Bank of America, their mortgage servicer, put them on a HAMP trial payment plan in December that cut their monthly payment by more than half from almost $4,000 to about $1,826.

They say they made their reduced monthly payments early and did everything else that was asked of them. But they didn't get a permanent modification, and they say they don't know why.

Instead, according to a lawsuit they've brought against Bank of America, they are now more than $8,000 behind on a mortgage that had been current 12 months ago. Each of their credit scores has dropped by nearly 100 points. And, they allege, Bank of America has threatened them with foreclosure.

Whether the Lake Stevens, Wash., couple keep their home may hinge on the outcome of a legal strategy that aims to join struggling homeowners with similar experiences in the HAMP program in a class-action lawsuit against the nation's largest bank. On Sept. 30 in Nashville, a federal court hearing is scheduled to consider consolidating the Sopers' case with more than a dozen others against Bank of America.

Similar lawsuits, also seeking class-action status, are pending against other major servicers such as JPMorgan Chase and Wells Fargo. Taken together, the cases threaten to amplify a growing public frustration with mortgage servicers' treatment of HAMP borrowers and HAMP's modest results. Permanent modifications, which lower mortgage payments to 31% of a borrower's pretax monthly income for five years, have been given to only about a third of the 1.3 million borrowers in trial plans since the program's launch in April 2009.

Most of the lawsuits allege that the three- or four-month trial payment plans are contracts, and that Bank of America and other servicers broke them by not giving permanent modifications to homeowners who made their trial payments on time and provided the necessary documentation.

Servicers have asked courts to dismiss some of the cases, saying the trial plans are not contracts.

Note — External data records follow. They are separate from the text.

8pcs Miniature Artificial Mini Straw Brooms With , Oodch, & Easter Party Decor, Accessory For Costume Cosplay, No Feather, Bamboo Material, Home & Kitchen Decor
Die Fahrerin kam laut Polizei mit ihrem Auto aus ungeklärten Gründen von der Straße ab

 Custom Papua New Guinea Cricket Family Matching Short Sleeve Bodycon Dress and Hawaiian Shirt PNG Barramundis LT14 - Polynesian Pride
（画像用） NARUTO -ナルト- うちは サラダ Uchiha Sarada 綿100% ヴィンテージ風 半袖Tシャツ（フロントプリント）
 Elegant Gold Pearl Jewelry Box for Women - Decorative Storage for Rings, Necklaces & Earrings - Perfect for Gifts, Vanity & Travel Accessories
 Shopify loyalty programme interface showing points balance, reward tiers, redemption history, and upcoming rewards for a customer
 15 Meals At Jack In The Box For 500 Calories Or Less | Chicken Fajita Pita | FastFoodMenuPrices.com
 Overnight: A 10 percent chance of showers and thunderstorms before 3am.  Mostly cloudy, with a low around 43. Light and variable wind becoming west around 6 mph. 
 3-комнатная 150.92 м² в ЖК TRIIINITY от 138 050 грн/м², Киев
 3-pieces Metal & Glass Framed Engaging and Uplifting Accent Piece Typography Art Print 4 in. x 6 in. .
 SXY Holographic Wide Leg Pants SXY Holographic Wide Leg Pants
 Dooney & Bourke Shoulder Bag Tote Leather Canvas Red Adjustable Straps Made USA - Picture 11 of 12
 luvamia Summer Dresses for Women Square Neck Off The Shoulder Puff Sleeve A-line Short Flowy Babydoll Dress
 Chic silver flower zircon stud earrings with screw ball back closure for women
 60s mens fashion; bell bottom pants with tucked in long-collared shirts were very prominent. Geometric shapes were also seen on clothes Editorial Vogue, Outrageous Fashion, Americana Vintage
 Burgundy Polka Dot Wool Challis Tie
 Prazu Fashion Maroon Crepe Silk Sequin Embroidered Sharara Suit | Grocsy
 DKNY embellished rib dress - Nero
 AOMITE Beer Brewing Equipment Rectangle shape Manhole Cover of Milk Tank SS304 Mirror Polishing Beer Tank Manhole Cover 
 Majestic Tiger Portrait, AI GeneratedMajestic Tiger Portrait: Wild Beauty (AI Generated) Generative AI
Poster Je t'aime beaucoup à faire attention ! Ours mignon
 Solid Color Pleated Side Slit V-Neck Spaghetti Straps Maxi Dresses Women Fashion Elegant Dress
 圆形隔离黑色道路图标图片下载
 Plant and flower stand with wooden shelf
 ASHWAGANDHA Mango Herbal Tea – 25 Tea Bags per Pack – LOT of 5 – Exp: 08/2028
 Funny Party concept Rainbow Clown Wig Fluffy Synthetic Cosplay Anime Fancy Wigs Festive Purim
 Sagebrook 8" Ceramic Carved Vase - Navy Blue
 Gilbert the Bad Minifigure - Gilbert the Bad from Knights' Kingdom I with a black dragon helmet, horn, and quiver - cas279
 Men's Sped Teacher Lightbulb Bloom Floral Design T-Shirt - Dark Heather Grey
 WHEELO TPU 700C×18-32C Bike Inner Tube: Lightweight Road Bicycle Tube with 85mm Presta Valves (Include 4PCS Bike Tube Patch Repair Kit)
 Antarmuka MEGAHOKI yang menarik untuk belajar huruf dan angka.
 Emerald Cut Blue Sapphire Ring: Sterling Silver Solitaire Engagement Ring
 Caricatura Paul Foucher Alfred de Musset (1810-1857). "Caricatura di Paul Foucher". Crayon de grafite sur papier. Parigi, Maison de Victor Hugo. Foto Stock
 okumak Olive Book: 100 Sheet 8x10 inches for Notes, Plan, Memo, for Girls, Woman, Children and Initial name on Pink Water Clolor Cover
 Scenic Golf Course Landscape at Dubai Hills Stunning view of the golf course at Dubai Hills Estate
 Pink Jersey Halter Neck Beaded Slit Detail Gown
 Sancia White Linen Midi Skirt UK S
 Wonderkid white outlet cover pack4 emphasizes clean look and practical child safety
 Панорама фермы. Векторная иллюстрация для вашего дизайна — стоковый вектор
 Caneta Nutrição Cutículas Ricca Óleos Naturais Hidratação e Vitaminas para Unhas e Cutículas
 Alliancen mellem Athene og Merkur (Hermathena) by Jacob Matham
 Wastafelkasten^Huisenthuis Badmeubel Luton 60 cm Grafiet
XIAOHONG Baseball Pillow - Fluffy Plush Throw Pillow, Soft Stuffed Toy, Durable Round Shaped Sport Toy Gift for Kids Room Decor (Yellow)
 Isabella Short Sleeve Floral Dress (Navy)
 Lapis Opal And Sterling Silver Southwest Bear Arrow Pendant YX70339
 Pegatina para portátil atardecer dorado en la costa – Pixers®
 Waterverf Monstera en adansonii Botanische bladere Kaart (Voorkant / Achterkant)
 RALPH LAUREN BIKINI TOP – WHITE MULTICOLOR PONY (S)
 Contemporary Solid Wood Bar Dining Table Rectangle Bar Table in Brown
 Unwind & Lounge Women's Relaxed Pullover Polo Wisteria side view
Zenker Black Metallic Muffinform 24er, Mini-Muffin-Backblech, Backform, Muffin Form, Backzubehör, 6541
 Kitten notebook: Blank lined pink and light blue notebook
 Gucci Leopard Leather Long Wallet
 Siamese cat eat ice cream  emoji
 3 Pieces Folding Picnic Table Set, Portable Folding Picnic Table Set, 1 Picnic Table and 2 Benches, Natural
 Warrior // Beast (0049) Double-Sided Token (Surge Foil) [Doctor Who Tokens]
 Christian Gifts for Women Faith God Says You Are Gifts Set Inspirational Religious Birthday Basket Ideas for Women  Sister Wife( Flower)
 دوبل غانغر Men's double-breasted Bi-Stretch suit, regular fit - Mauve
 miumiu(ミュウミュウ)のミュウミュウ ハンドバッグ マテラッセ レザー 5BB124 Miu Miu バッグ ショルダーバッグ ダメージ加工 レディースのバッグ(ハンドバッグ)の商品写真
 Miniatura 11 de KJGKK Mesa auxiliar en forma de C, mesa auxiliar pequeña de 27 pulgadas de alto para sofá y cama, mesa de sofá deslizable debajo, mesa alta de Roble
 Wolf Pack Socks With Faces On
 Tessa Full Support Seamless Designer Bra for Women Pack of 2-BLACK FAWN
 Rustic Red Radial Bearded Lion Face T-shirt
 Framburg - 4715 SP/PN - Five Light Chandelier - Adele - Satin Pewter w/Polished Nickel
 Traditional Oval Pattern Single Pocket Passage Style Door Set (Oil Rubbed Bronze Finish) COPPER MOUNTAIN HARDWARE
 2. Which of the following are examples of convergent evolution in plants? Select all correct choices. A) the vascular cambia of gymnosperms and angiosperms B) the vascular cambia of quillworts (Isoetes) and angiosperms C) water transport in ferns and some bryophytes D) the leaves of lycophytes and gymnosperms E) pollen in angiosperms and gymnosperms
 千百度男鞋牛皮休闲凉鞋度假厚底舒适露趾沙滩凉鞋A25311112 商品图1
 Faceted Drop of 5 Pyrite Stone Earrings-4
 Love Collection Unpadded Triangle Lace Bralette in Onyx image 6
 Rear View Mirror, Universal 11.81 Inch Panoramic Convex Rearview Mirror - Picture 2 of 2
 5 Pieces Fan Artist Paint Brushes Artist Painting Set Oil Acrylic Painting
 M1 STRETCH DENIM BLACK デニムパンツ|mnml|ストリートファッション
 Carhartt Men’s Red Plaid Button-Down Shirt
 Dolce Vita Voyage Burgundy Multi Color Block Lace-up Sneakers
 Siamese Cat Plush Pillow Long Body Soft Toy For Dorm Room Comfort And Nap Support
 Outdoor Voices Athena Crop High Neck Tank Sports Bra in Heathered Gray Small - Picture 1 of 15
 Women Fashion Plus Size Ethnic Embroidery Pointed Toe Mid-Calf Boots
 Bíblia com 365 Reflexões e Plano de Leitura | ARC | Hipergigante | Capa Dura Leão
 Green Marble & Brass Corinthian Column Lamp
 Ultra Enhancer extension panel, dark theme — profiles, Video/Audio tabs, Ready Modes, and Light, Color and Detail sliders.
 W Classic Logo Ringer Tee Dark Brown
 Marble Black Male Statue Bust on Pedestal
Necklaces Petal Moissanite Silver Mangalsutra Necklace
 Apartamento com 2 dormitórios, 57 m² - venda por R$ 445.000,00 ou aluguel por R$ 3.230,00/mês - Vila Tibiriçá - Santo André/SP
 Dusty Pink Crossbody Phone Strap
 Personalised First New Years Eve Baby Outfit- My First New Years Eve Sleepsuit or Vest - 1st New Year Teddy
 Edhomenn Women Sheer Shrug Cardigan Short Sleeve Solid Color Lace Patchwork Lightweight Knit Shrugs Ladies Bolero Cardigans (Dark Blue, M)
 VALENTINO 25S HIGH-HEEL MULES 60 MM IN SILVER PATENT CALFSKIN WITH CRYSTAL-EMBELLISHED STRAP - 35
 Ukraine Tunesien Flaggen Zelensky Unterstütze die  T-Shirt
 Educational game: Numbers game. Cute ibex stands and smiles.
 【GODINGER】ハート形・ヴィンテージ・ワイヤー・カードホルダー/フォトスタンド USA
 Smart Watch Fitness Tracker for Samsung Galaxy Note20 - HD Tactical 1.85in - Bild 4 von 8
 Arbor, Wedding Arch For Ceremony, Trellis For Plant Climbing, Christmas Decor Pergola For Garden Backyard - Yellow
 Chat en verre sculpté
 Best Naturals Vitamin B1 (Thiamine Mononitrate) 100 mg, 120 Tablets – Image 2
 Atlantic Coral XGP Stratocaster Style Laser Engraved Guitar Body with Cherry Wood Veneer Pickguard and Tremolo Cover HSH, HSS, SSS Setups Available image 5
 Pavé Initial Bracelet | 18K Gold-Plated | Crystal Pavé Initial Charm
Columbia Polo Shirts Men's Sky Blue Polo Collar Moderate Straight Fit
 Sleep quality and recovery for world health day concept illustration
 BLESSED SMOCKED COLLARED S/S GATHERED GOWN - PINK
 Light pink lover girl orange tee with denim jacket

Bank of America, which says it plans to seek dismissal of the Soper case, argues in a court filing in a similar case that it must consider borrowers for a HAMP modification, but that it has discretion in granting permanent modifications.

The bank also argues that homeowners have no case because courts have dismissed earlier HAMP-related lawsuits against mortgage servicers. Those cases claimed that in denying some homeowners modifications, the servicers had breached the contracts they made with the Treasury Department when they agreed to participate in HAMP. Courts said homeowners could not sue on those grounds because they weren't parties to the contracts between the government and the servicers.

Lawyers for homeowners say they are now making a different legal argument: that Bank of America and others broke contracts made directly with homeowners.

"Borrowers have said we should be able to enforce the contract between Treasury and mortgage servicers, and many courts have rejected that. Our cases are the first filed that touch on a contract between servicers and borrowers," says Kevin Costello, a lawyer with Roddy Klein & Ryan in Boston, which represents homeowners in cases against Bank of America, JPMorgan Chase and Wells Fargo.

"This litigation is spreading all across the country. People have been relying on a promise all along, and then they get a denial. Then they find themselves in that much worse of a hole," he says.

Many homeowners could be affected: Nearly 620,000 trial modifications since spring 2009 have been canceled, according to an Aug. 20 Treasury report.

Chronicles of delays

The lawsuits allege servicers are purposely denying permanent modifications and keeping loans in default so lenders can profit from heftier late fees and other charges. Court filings provide detailed chronologies of borrowers who allege that over periods of months, they repeatedly sent banks requested documents that the banks said they didn't receive, made inquiries that went unanswered, and received promises of help that were later contradicted or denied by other representatives.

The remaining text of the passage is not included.